By SCOTT CANTRELL / The Dallas Morning News
[email protected]

The Dallas Center for the Performing Arts has landed its third-largest contribution and a new, improved design for outdoor spaces around the Winspear Opera House and Wyly Theatre, now under construction.

Thanks to a $15 million gift from Sammons Enterprises Inc., the 10-acre park in the downtown Arts District will be named the Elaine D. and Charles A. Sammons Park.

In response to criticism of initial designs for the park, French landscape architect Michel Desvigne and the Chicago firm JJR have produced a simpler, calmer plan that is more coherent and will compete less with the adjacent buildings, designed by Pritzker Prize-winning architects.

Scheduled to open in fall 2009, the center's Winspear was designed by Foster + Partners, the Wyly by REX/OMA (Joshua Prince-Ramus and Rem Koolhaas). The adjacent 19-year-old Meyerson Symphony Center was designed by I.M. Pei.

The two largest gifts to the performing arts center came earlier in the fundraising campaign: $42 million from Margot and the late Bill Winspear for the opera house and $20 million from Dee and Charles Wyly and Cheryl and Sam Wyly for the theater. To date, the campaign has raised more than $325 million toward a goal of $338 million.

"To get a gift of this significance at this point in the campaign is really remarkable," Mr. Lively said. "It gives us the incentive and momentum to push to the end."

Founded by Mr. Sammons in 1962, Sammons Enterprises evolved out of a stock-life insurance company. At one point, Sammons Enterprises included everything from financial-services companies to hotel properties to bottled water, and it was one of the first investors in cable television.

Today, Sammons Enterprises is a diversified holding company that employs more than 4,300 in the United States, Mexico and the United Kingdom. One of the largest privately held companies in Dallas, the firm has operations including insurance and construction-equipment companies and the Grove Park Inn Resort & Spa in Asheville, N.C.

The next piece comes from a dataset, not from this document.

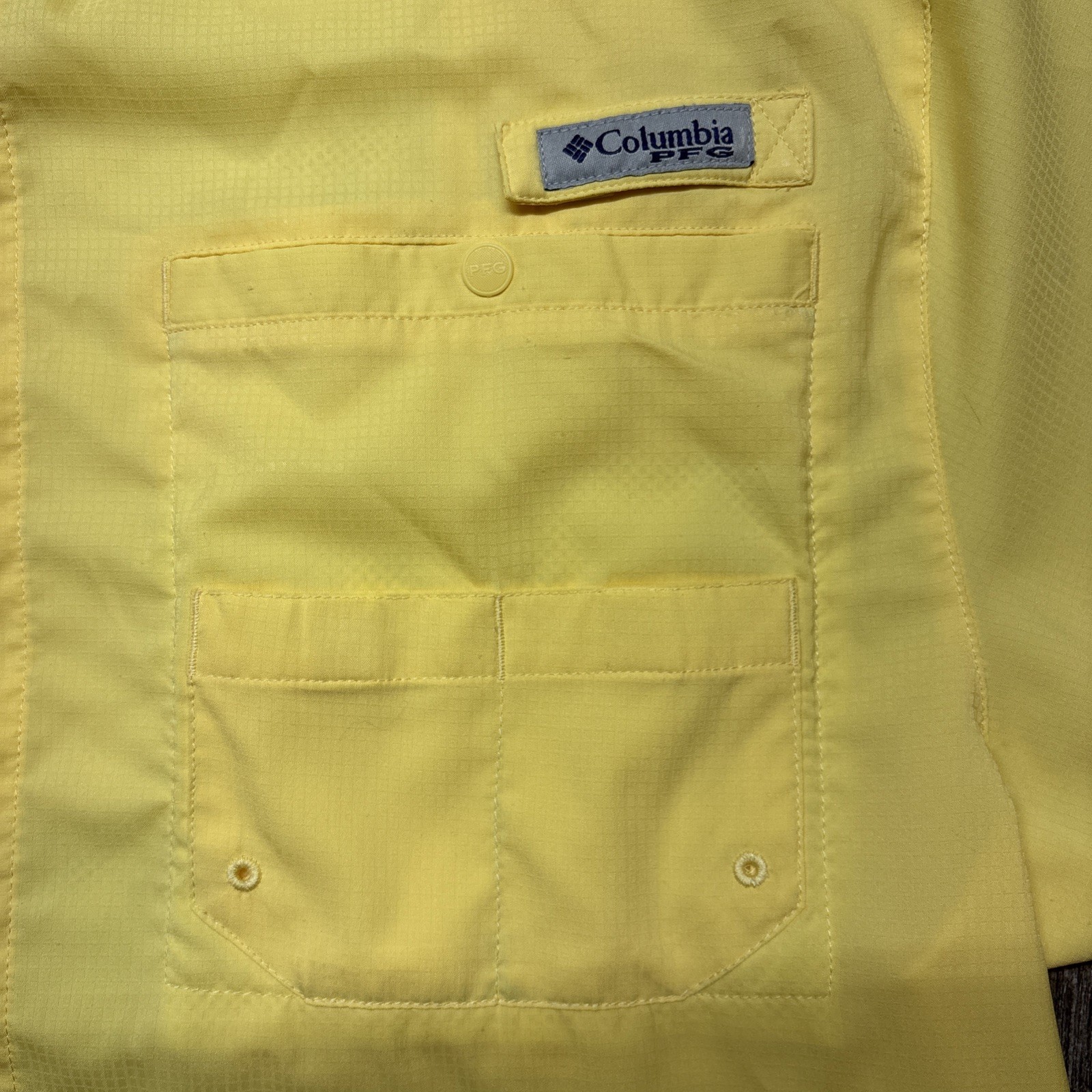 Columbia PFG Shirt Men’s Medium Yellow Lightweight Vented Fishing Performance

Since Mr. Sammons' death in 1988, his wife, Elaine, has been chairwoman of the company and a philanthropist and arts patron. A contribution from the couple helped establish Dallas' Sammons Center for the Arts, which provides permanent office and rehearsal spaces for 12 performing arts organizations and is used by more than 40 groups for performances, rehearsals and meetings.

"Sammons Park will be a refreshing venue for all the people of Dallas – those attending the symphony, opera or theater, as well as families and those who work and live downtown," said Sammons Enterprises CEO Robert Korba. "It will host cultural events, outdoor art exhibits and outdoor performances."

A 'calmed' design
The previous design, unveiled in September 2006, drew a dismissive review from longtime Dallas Morning News architecture critic David Dillon, who described what was then called Performance Park as "a potpourri of discrete elements in search of a larger idea."

"Performance Park turns [out] to be more miniature golf course than grand civic space, with water hazards, tiny fairways, everything except the flags for pin placement. ...

"The park is overwrought and unresolved, with no clear center, no hierarchy or crisp spatial definition."

Stung, the performing arts center and its landscape designers regrouped and assembled a peer-review panel including Frederick Steiner, dean of the University of Texas at Austin School of Architecture, and Dr. Dillon, who by then had left the staff of The News.

"We as a group, with our clients, revisited the design," said Debra Mitchell, senior vice president of JJR, the site architect of record. "We undertook a number of things that I would say calmed the design.

"With two such prestigious buildings, it needed to be very calming and simple and not detract from their magnificence."

Gone are the earlier design's fussy groupings, clearly conceived as naming opportunities, in favor of more open spaces with fewer trees and water features.

The plan creates a clear axis between the Wyly and Winspear and punctuates lawns among paved walkways with crisp patches of native grasses and perennial flowers. The only water feature is a rectangular fountain, to the right of the opera house entrance.

Park plans
The plan envisions the aluminum-fin canopy extending well beyond the opera house, shading movable tables and chairs. It also calls for free wireless access throughout the park.

In the middle of the long, wide slope into the underground entrance to the Wyly will be a zigzag, handicapped-accessible ramp, its switchbacks interspersed with more native plantings.

The park is expected to be completed by October 2009, when the opera house, theater and the outdoor Annette Strauss Artist Square open. A lineup of opening events will be announced soon.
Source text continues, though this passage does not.